[DIRECTIONS FOR THIS TASK]
Word for word, set down the lines from the one that contains "Утопический социализм. Французский" through the final line of the data; no pictures belong in the copy.

[Records from a data source]
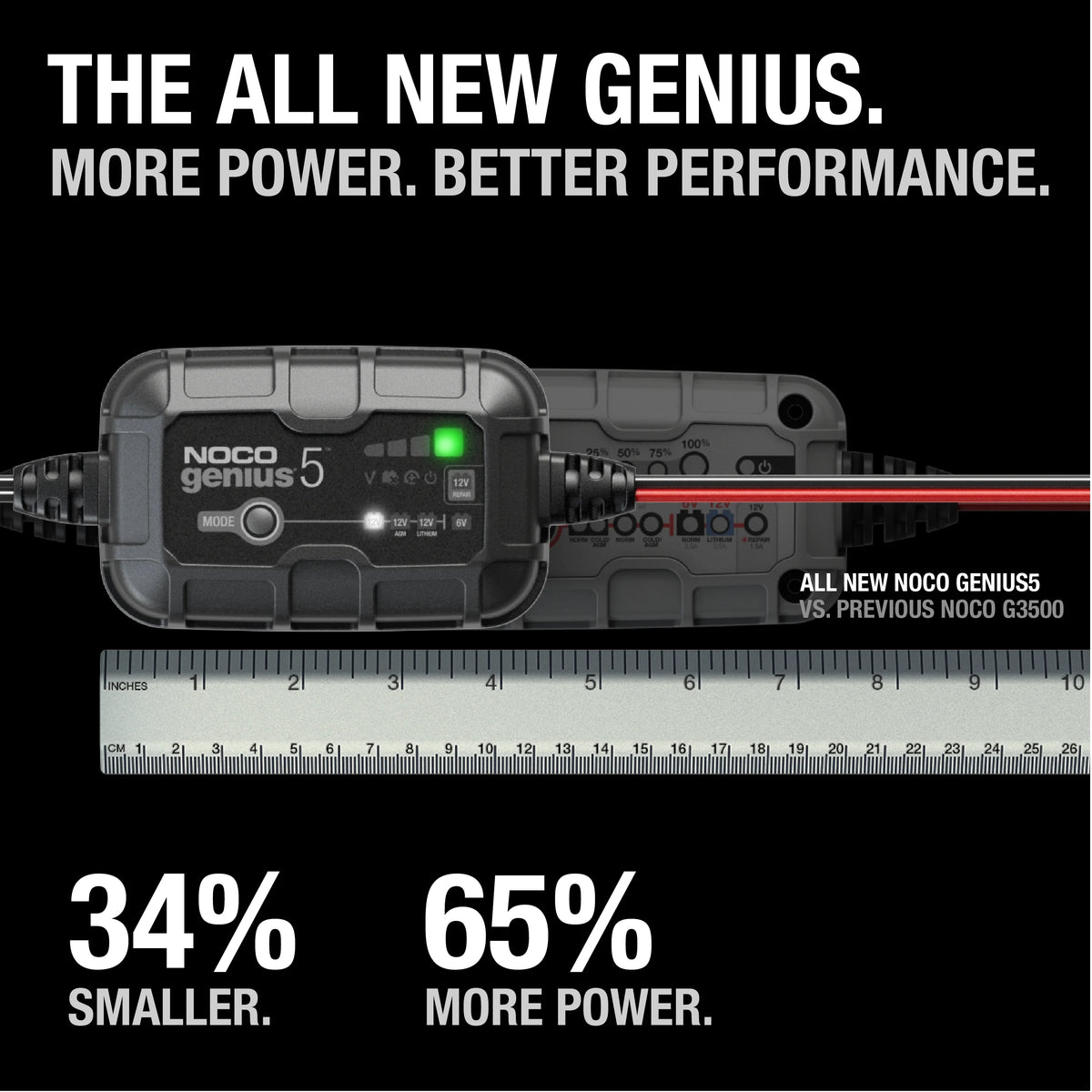 6V/12V 5A Smart Battery Charger and Maintainer P7164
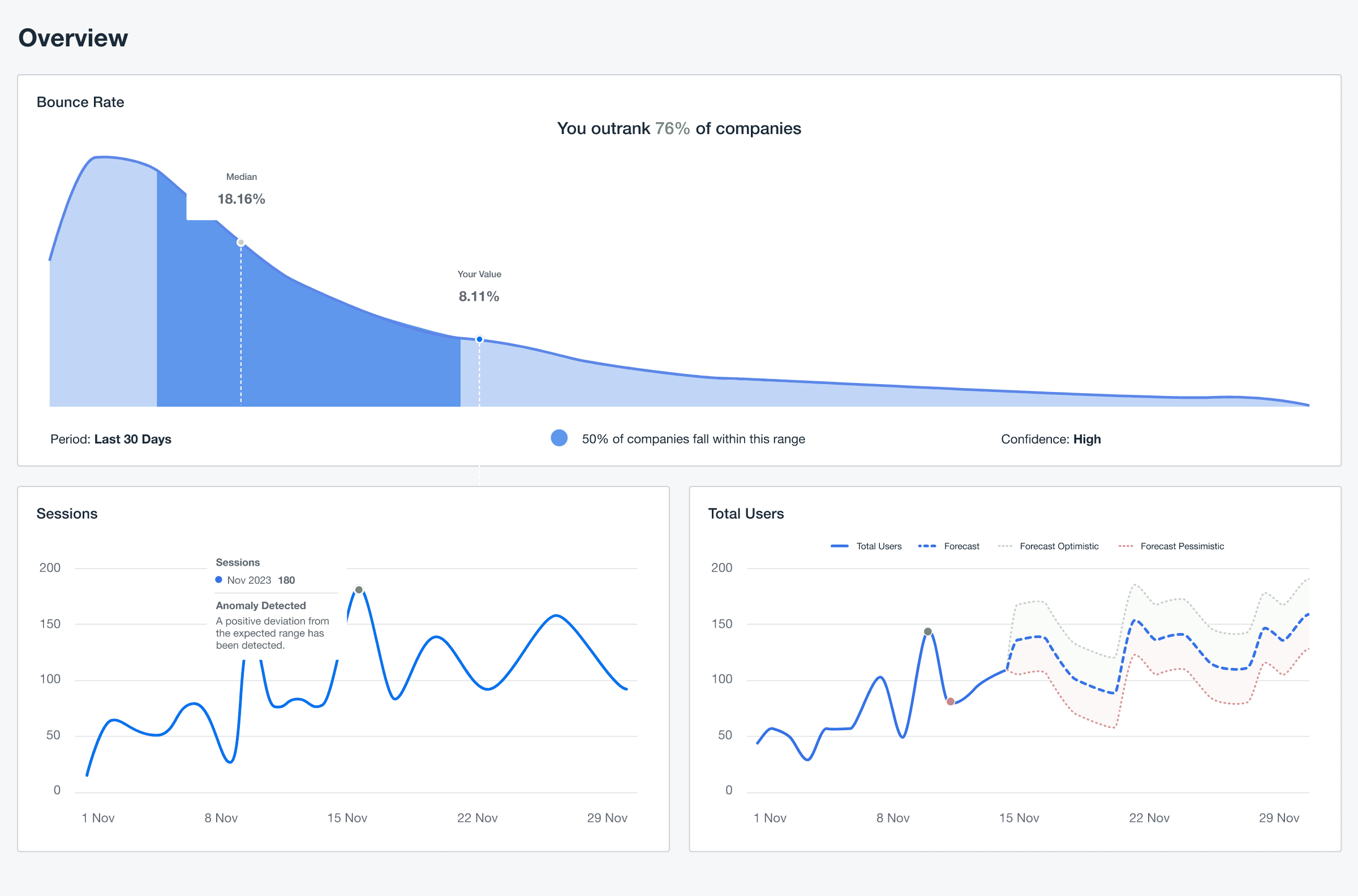 Do more with your marketing data by leveraging Benchmarking, Anomaly Detection, and Forecasting features to generate automated, data-driven marketing insights.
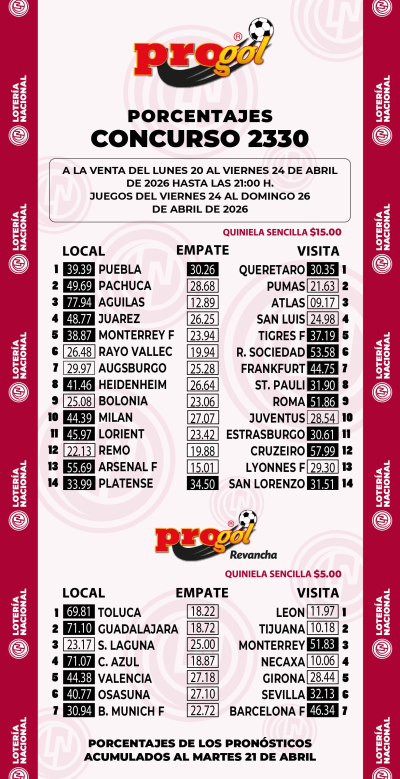 Momios Progol 2330 Quiniela Ganadora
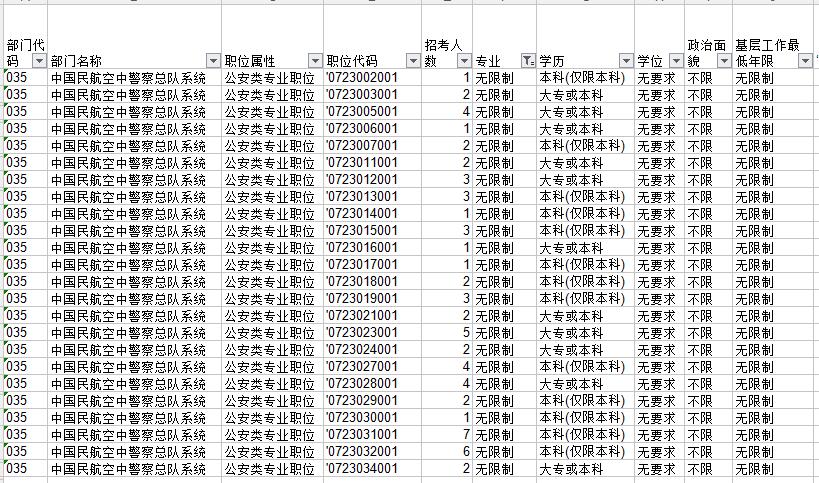 盤點分析國家公務員考試中有哪些三不限職位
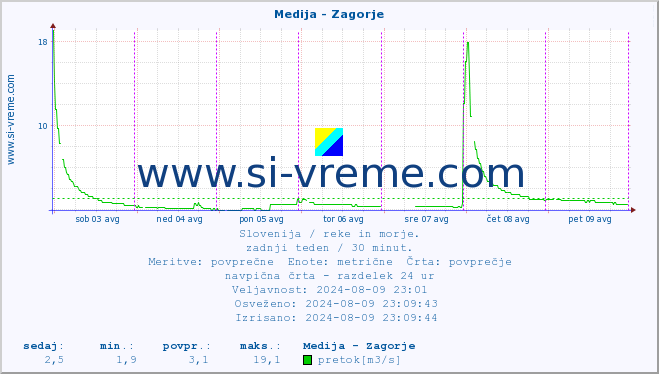 POVPREČJE :: Medija - Zagorje :: temperatura | pretok | višina :: zadnji teden / 30 minut.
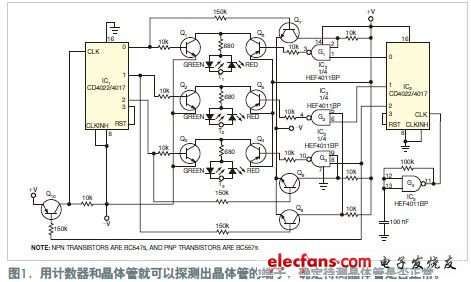 判别端子的晶体管测试仪,第2张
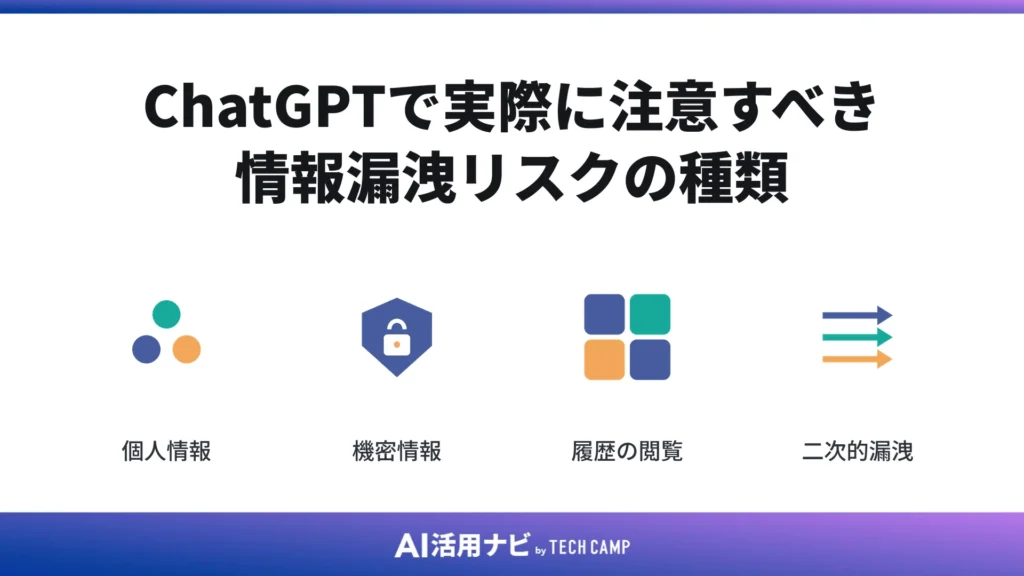 ChatGPTで実際に注意すべき情報漏洩リスクの種類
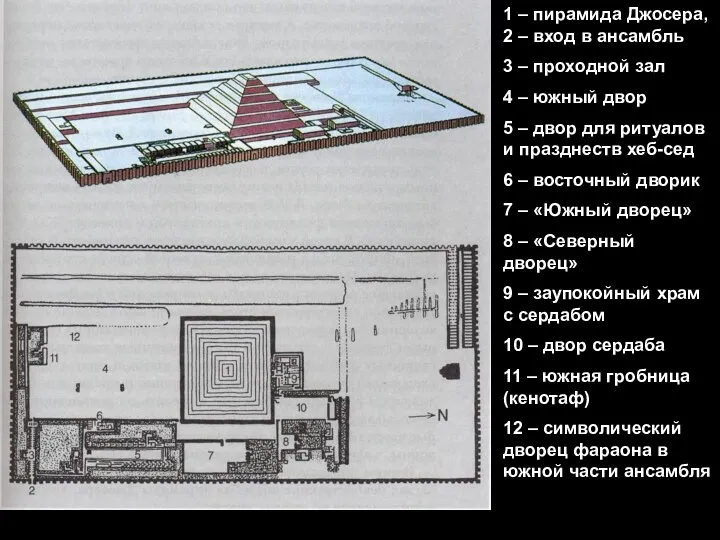 1 – пирамида Джосера, 2 – вход в ансамбль 3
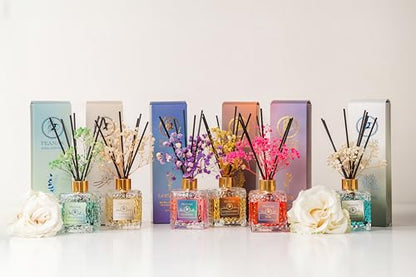 PEANÄK Set of 2 - Eucalyptus Mint Fragrance Oils - Reed diffusers 6.7oz (200ml) 2 Pack of Long Lasting Scents for Home & Office,Living Room & Bathroom Shelf Decor and Gifts - size: 6.7 Ounce/2pack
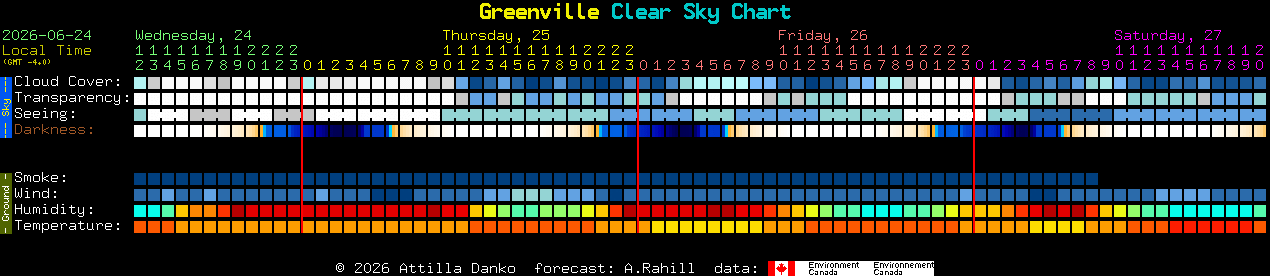 Current forecast for Greenville Clear Sky Chart
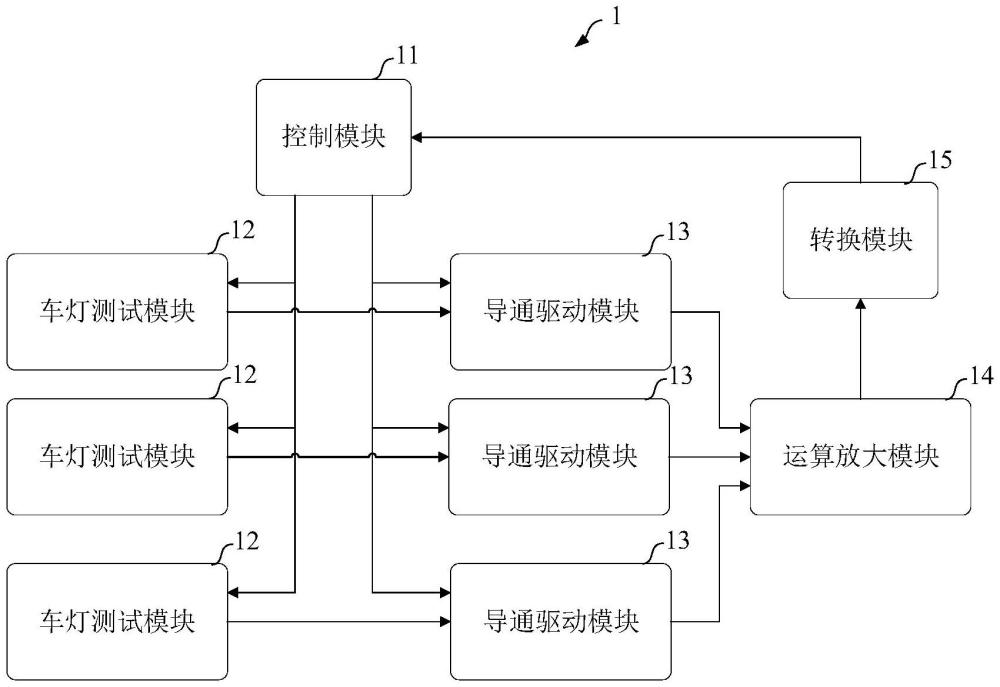 車燈檢測(cè)電路以及車輛控制系統(tǒng)的制作方法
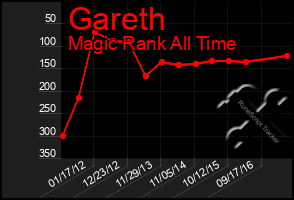 Total Graph of Gareth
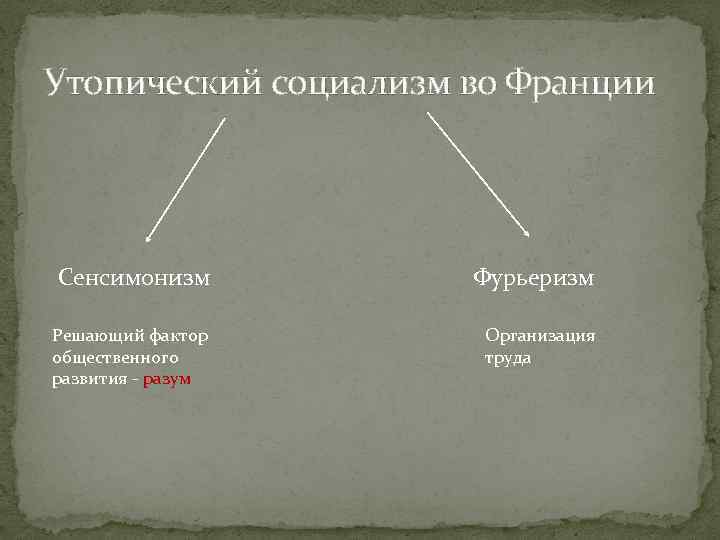 Утопический социализм. Французский утопический социализм. Сенсимонизм основные идеи. Сенсимонизм основные идеи кратко. Утопический социализм 19 века.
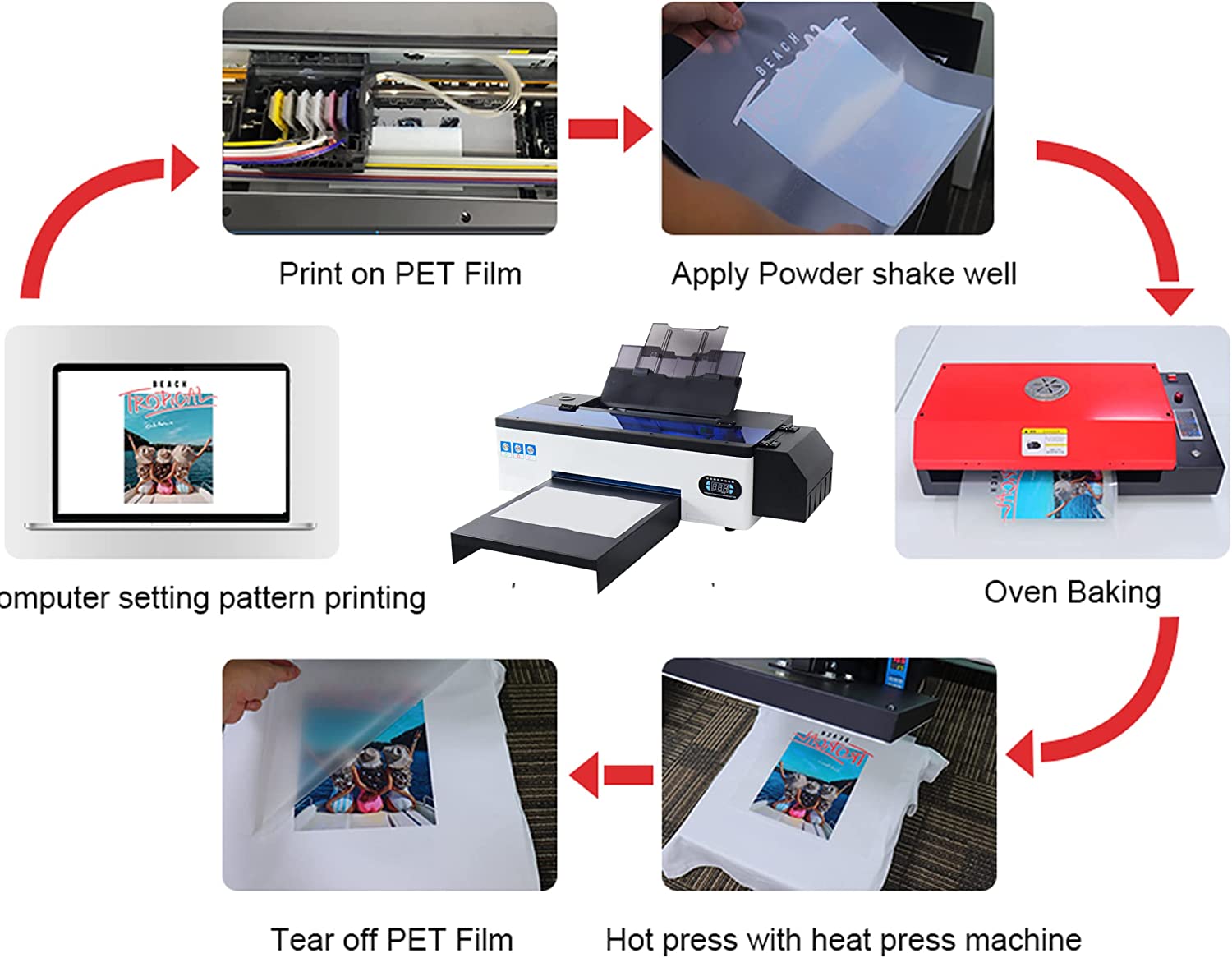 Impresora de transferencia DTF PUNEHOD A3 L1800 para camisetas, telas, cuero, juguetes, trajes de baño, artesanías, camisetas, almohadas y otros textiles. (Impresora DTF + Horno + 6 cartuchos de tinta de 250 ml)
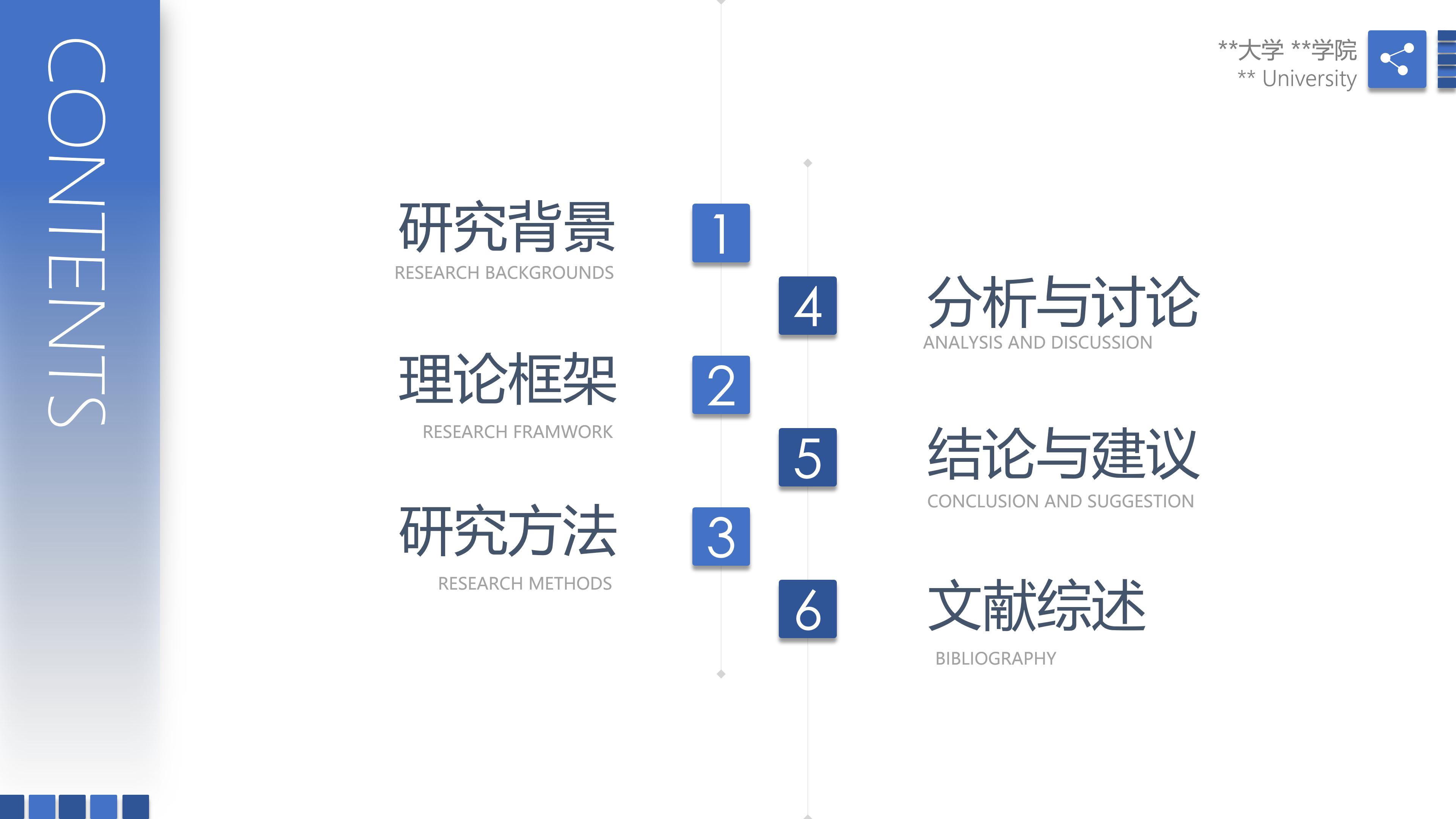 智能家居毕业设计ppt模板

[TASK SOLUTION]
 Утопический социализм. Французский утопический социализм. Сенсимонизм основные идеи. Сенсимонизм основные идеи кратко. Утопический социализм 19 века.
 Impresora de transferencia DTF PUNEHOD A3 L1800 para camisetas, telas, cuero, juguetes, trajes de baño, artesanías, camisetas, almohadas y otros textiles. (Impresora DTF + Horno + 6 cartuchos de tinta de 250 ml)
 智能家居毕业设计ppt模板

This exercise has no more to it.